Novel Mechanisms Targeted by Drug Trials in Pulmonary Arterial Hypertension

David F Condon  1 Stuti Agarwal  2 Ananya Chakraborty  2 Natasha Auer  2 Rocio Vazquez  2 Hiral Patel  2 Roham T Zamanian  2 Vinicio A de Jesus Perez  3
Affiliations
Review

Novel Mechanisms Targeted by Drug Trials in Pulmonary Arterial Hypertension

David F Condon et al. Chest. 2022 Apr.

Abstract

Pulmonary arterial hypertension (PAH) is a rare disease associated with abnormally elevated pulmonary pressures and right heart failure resulting in high morbidity and mortality. Although the prognosis for patients with PAH has improved with the introduction of pulmonary vasodilators, disease progression remains a major problem. Given that available therapies are inadequate for preventing small-vessel loss and obstruction, there is active interest in identifying drugs capable of targeting angiogenesis and mechanisms involved in the regulation of cell growth and fibrosis. Among the mechanisms linked to PAH pathogenesis, preclinical studies have identified promising compounds that are currently being tested in clinical trials.
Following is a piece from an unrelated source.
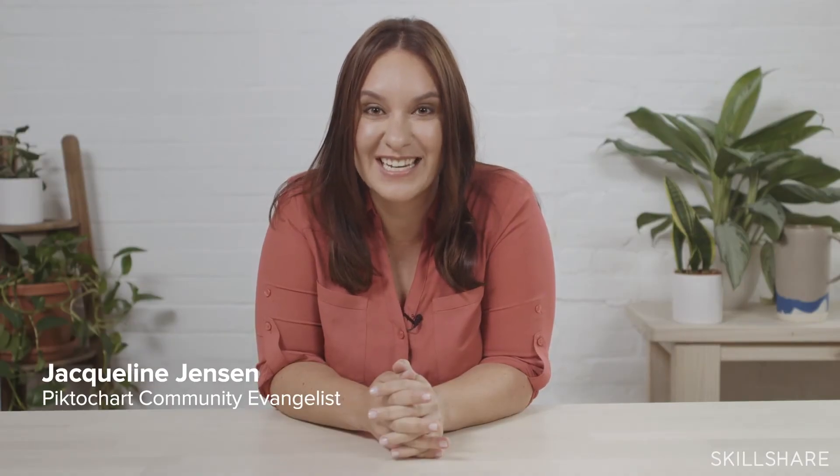Hi everyone, my name is Jacqueline Jensen. I'm the community evangelist for PictoChart and today we're going to talk all about visual communication.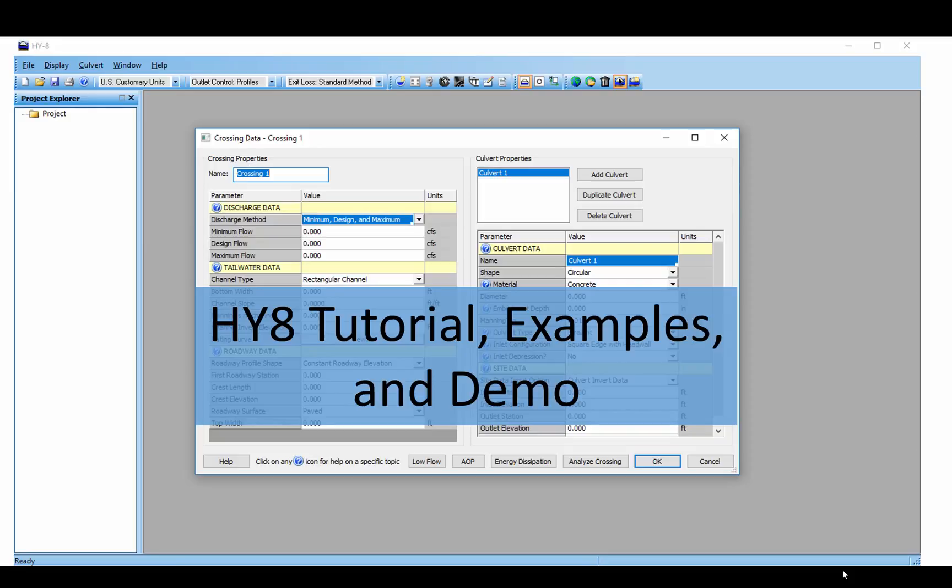In this video I'm going to show a brief tutorial on how to use the HY8 software for culvert analysis, go through a couple of examples, and show you where you can download the software.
These drugs target seven of the major mechanisms associated with PAH pathogenesis: bone morphogenetic protein signaling, tyrosine kinase receptors, estrogen metabolism, extracellular matrix, angiogenesis, epigenetics, and serotonin metabolism. In this review, we discuss the preclinical studies that led to prioritization of these mechanisms, and discuss completed and ongoing phase 2/3 trials using novel interventions such as sotatercept, anastrozole, rodatristat ethyl, tyrosine kinase inhibitors, and endothelial progenitor cells, among others. We anticipate that the next generation of compounds will build on the success of the current standard of care and improve clinical outcomes and quality of life for patients with PAH.

Keywords: clinical trials; pathogenesis; pulmonary hypertension; therapeutics.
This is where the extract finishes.